Aoife M. Foley is an Irish and British engineer and was the Editor in Chief, Co-Editor in Chief and Editor (Wind) of Renewable and Sustainable Energy Reviews from 2014 to 2023 over which time the journal saw sustained growth, and an increase in impact factor from 5.9 to 16.3.

== Education ==
Professor Foley has a bachelor's degree in civil engineering (1996), and a PhD in energy engineering (2011) from University College Cork. She graduated Trinity College Dublin with a master's degree in environmental & transportation engineering (1999).

== Career ==
Foley joined the School of Mechanical and Aerospace Engineering at Queen's University Belfast in 2011 as a Lecturer. She was promoted to Reader in 2019 and to full Professor in 2022. In February 2023, she became chair in Net Zero Infrastructure in the School of Engineering at The University of Manchester.

Professor Foley's research work focuses on energy systems, transport electrification, renewable and sustainable energy integration, decarbonisation, infrastructure and techno-economics. She is an expert in application of her field towards the Sustainable Development Goals. One of her journal papers on wind forecasting from her PhD studies is one of the most highly cited engineering papers in the world, it is cited over 1,000 times and is cited 3 times in patents.

Before working at Queen's University, she worked at the University College Cork's School of Engineering as a lecturer and Senior Research Climate Change Fellow on a grant awarded to her by the Environmental Protection Agency.

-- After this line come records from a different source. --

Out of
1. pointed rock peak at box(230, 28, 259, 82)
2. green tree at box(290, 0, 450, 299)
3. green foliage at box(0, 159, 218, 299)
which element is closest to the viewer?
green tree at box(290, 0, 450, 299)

Prior to joining academia she worked on energy, pharmaceutical, telecommunications, and waste projects for ESB International (engineering consultants), PM Group (project management company), Siemens, and SWS Energy (Irish energy company) for almost 15 years.

She was the Editor in Chief of Renewable and Sustainable Energy Reviews, serves on the editorial board of Elsevier's Renewable Energy journal and is an editor of Nature's Scientific Reports.